Tagged as: Dating<< Previous question   Next question >>
Question - (18 September 2009) 1 Answers - (Newest, 18 September 2009)
A male United Kingdom age 30-35, anonymous writes:

Hey! Just after a second opinion please following this...

http://www.dearcupid.org/question/why-she-didnt-say-im-meeting-my-boyfriend.html

http://www.dearcupid.org/question/we-met-last-week-and-now-suddenly-shes.html

Basically following this she has remained single, and we've been getting on really well. But I can't tell if we're just friends? I wouldn't mind being more than, I'd like to, but I don't get her 'signals'?

The other day we were talking and she said about how she felt uncomfortable with another male friend who wanted to be more then friends. Why would she tell me this, as a message/on purpose as a hint to me that she's not interested with me either? Or to say that she's not interested in 'Friend X' but interested in me?

We talked about meeting up the other day with her friends, but I didn't go cause I was so paranoid about messing up our great friendship, as following her comment before I didn't want to push it. But surprisingly she messaged me asking why I didn't go, so she obviously was thinking about me/wanted to see me?

Also do girls often call male friends 'babe' and 'love'?

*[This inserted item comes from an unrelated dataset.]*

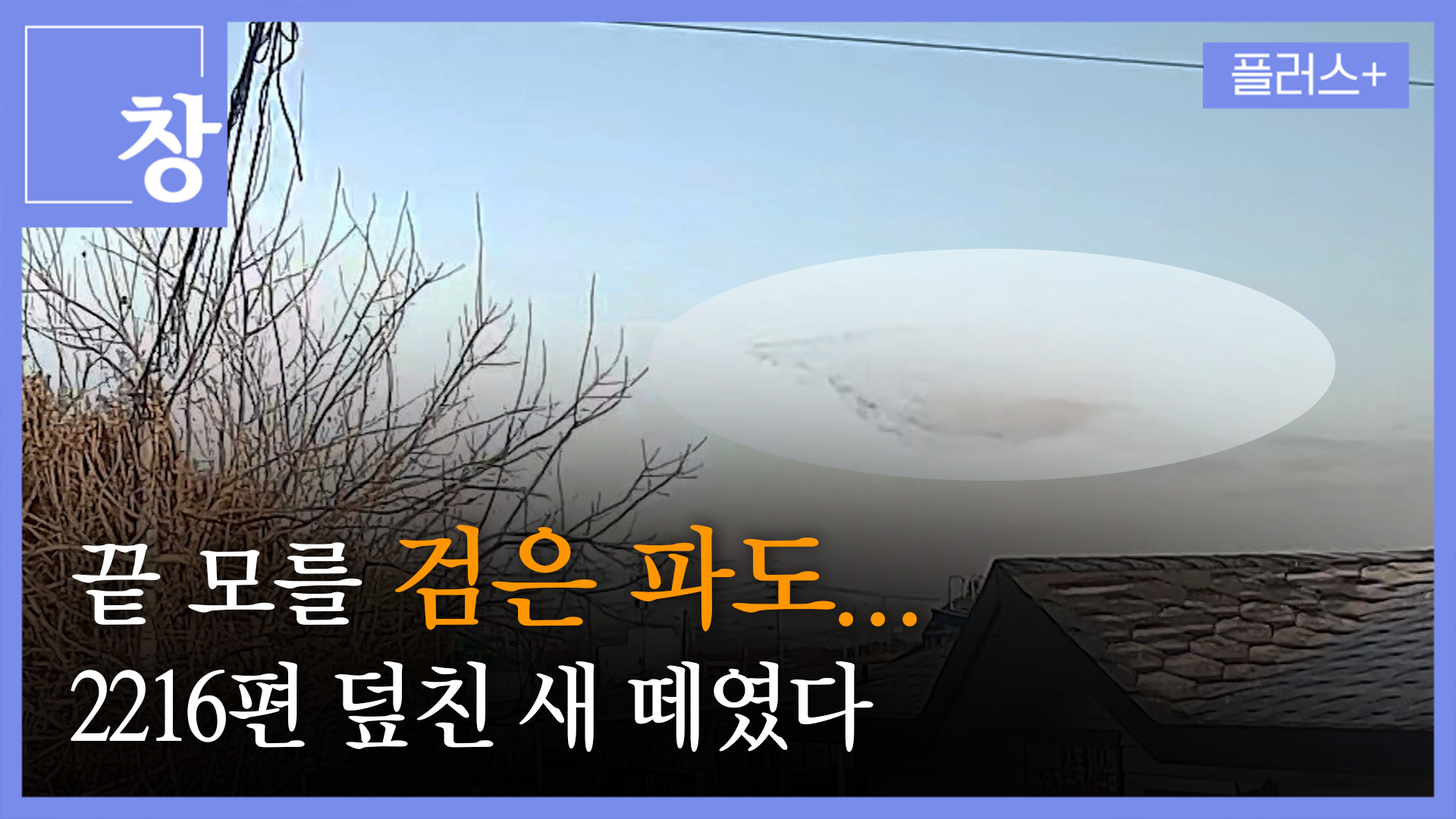 제주항공 2216편 덮친 새 떼…이 정도였다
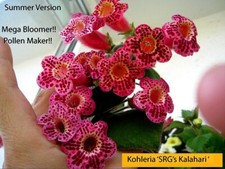 Mini kohleria saliba gebraucht kaufen  Leipzig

I don't think it's just me that see's the 'potential' there, a female friend of her's told me that she felt we'd be a gd match, and the other day everyone was looking at us as if we were together if you get me.

Lastly, she's invited me to her house on Monday to fix something for her/meet her parents.

I think she's AMAZING and I really fancy/adore her, but at the moment I keep it 'friendly', but my question is do you think she's into me? The whole 'male friend going too far' comment has really frown me.

Thanks for any feedback you can offer!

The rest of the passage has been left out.